И вот теперь ему предстояло нанести последний удар.
Рожнова в инспекционных поездках всегда сопровождали несколько молодых чиновников, которых он перед каждой поездкой на всякий случай менял. Еще вечером он не знал, какой из отобранных накануне исправдомов посетит. Утром погода была дряблая, промозглая, и Рожнов остановил свой выбор на исправдоме недалеко от центра, чтобы ехать было не так далеко. С собой он взял четырех исполнительных молодых людей, которые только явились на работу и были поставлены перед фактом во избежание огласки. Все погрузились в черную служебную машину и отправились в путь.
Рожнов немногословно объявил, что им предстоит делать. В детали он не вдавался еще и потому, что никогда не бывал в исправдомах и не знал, как их встретят. Никогда еще в истории логопеды не являлись с проверкой в исправдом. Письменной санкции на руках у него не было, имелось только устное напутствие Куприянова и устное же одобрение Ирошникова. Рожнов понимал всю деликатность ситуации, поэтому решил проявить всю твердость, на какую был способен.
Исправдом помещался в тяжелом темном кирпичном здании, бывшем ремесленном училище. Здание это едва виднелось из-за высокого сплошного забора. Он был так высок, словно в исправдоме содержались не люди, а какие-то особенные прыгучие животные. Массивные резные ворота были заперты. Рожнов подошел к ним и стукнул громадным молотком. Прошло время, пока открылось окошечко в дверце. Рожнов сказал прямо в белое лицо, выглядывавшее оттуда:
— Логопедическая проверка. Открывайте.
Белое лицо вытянулось, и окошечко захлопнулось. Послышался топот убегающих ног.
Рожнов повернулся к ожидавшим помощникам.
— Ломай, — негромко приказал он.
Молодые люди радостно всполошились и быстро вытащили из машины ручной таран. Гулкие удары понеслись по окрестностям. За воротами слышался топот многих встревоженных ног и какие-то смутные голоса.

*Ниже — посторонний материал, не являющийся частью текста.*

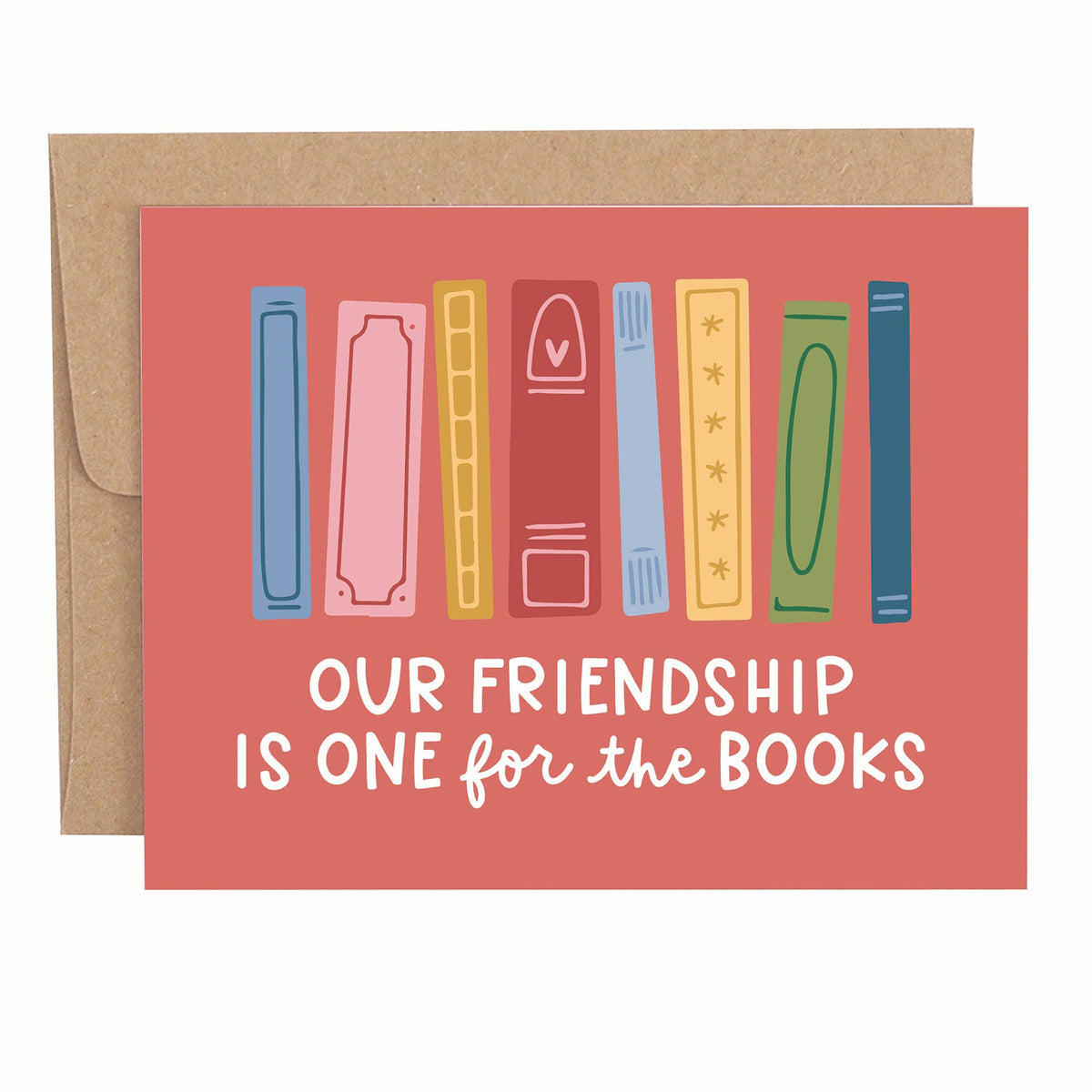 Pippi Post - Our Friendship Is One For The Books Greeting Card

— Не ломайте! — вдруг послышался с той стороны голос. — Кто там?
— Логопедическая проверка, — нехотя повысил голос Рожнов. — Открывайте, а то ворота вам вышибем.
— По какому праву? — вопросил голос.
Рожнов махнул рукой, и новый удар сотряс ворота. Одна петля соскочила, дверца покосилась.

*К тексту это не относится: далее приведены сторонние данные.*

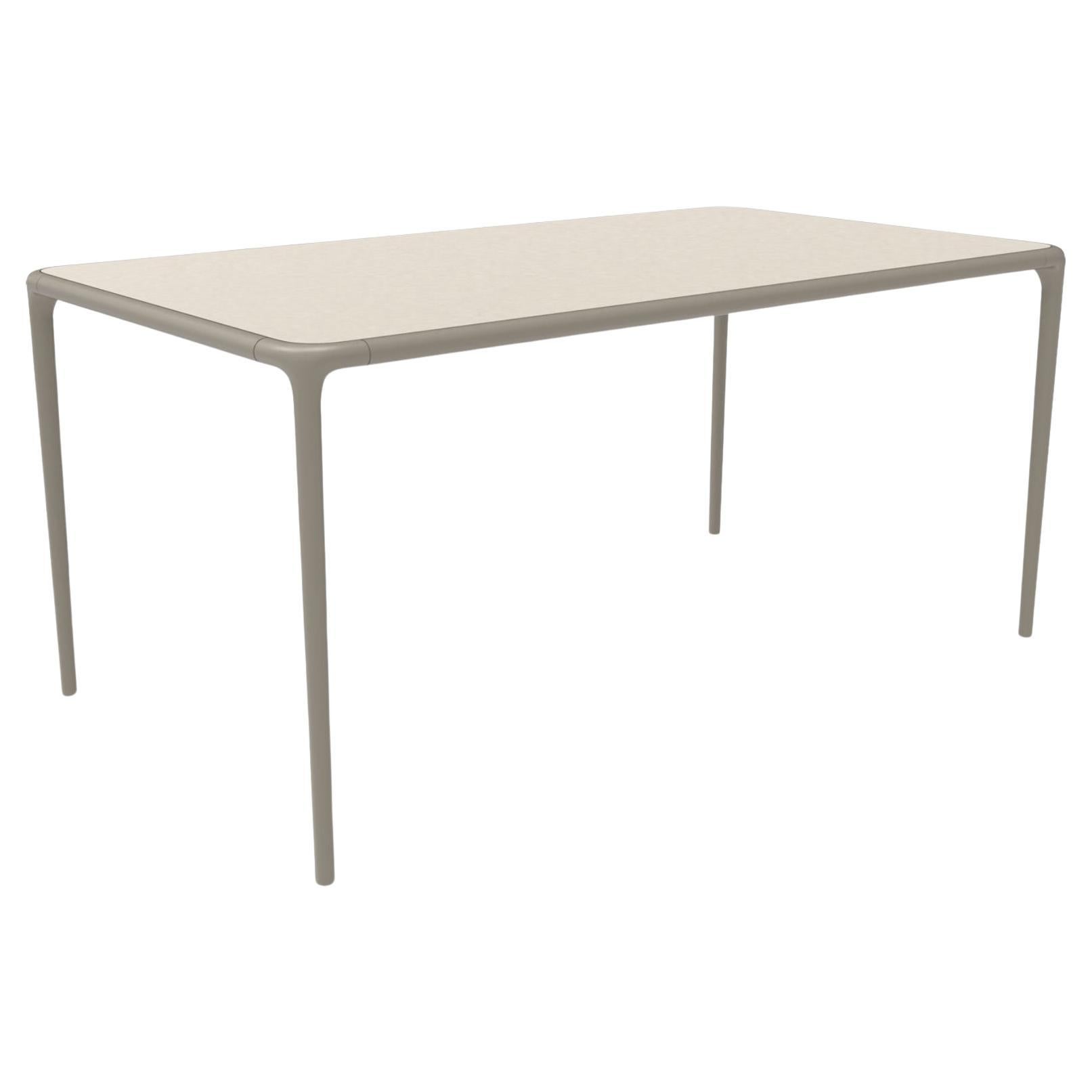 Xaloc Cream Glass Top Table 160 by Mowee For Sale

— Подождите! — вскричал голос с той стороны. — Открываем!
Дверца задергалась и выпала наружу. Рожнов шагнул в открывшийся проем. За воротами его ожидала небольшая толпа перепуганных людей. Судя по белым халатам, это был персонал исправдома. Вперед вышел худой, коротко стриженный, смуглый человек.

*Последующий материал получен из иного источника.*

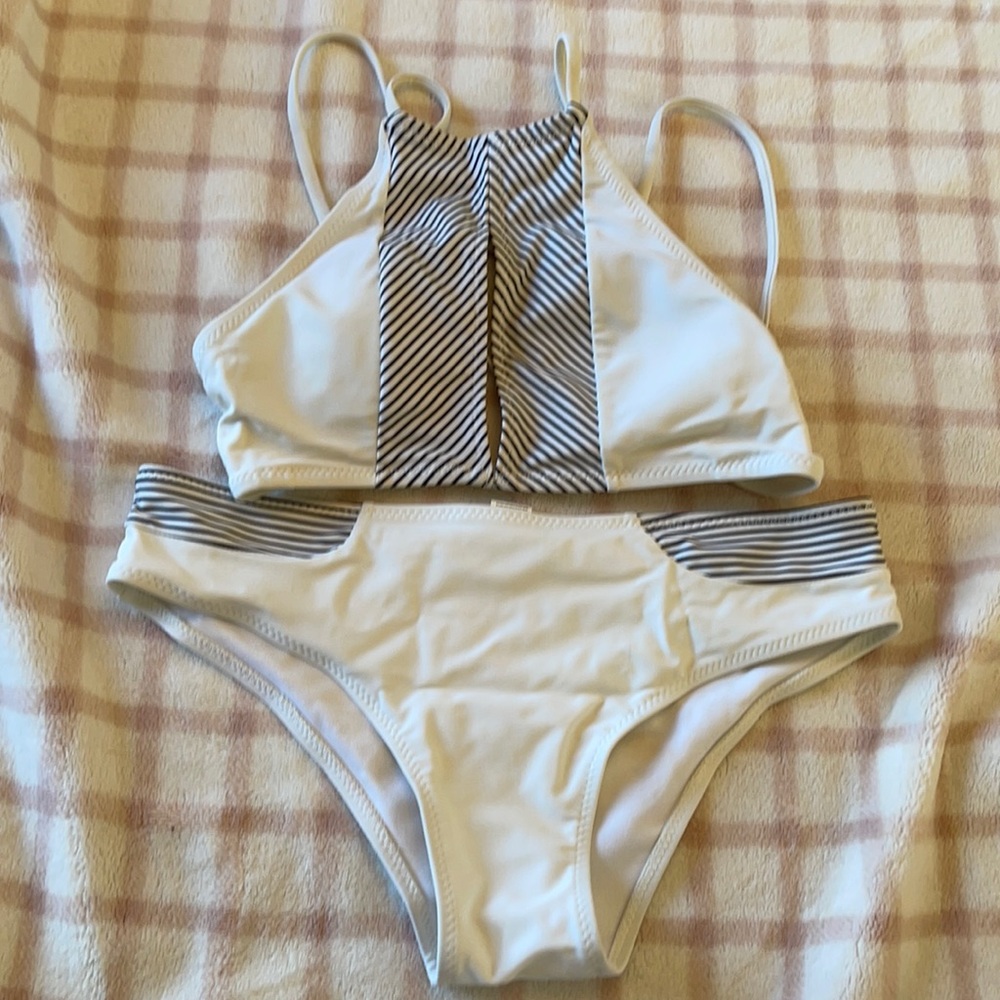 White swimsuit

— В чем дело, товарищ? — волнуясь, произнес он. — Здесь лечебное учреждение. Вы не имеете права.
— По распоряжению министерства образования, — сказал Рожнов.
— Нам никто не звонил, — заволновался человек. — Постойте, какого министерства образования? При чем тут министерство образования?
— Им еще не сообщили, — обернувшись к помощникам, иронично сказал Рожнов. Помощники с готовностью засмеялись.
— Газеты нужно читать, товарищ, — сказал Рожнов человеку. — Кто здесь Штин?
— Я Штин, — ответил человек.
— Вы директор?
— Да в чем дело?!
— Рожнов, из Совета логопедов. По распоряжению министерства образования. Принято решение о внеплановой проверке вашего учреждения.
— Как, вы сказали, ваша фамилия?
— Рожнов моя фамилия.
— А почему именно нашего учреждения, можно узнать?
— Игорь Анатольевич, да? Значит, Игорь Анатольевич, давайте пройдем к вам в кабинет, и я вам там все расскажу. А пока ребята мои походят вокруг, посмотрят.
— Вообще-то это режимное учреждение…
— А они не будут лишний раз никуда соваться. Просто походят, на воспитанников ваших поглядят. Не возражаете?
— Мария Владимировна, проводите.
— Да вы не беспокойтесь, Мария Владимировна. Ребята уже взрослые, сами походят, посмотрят.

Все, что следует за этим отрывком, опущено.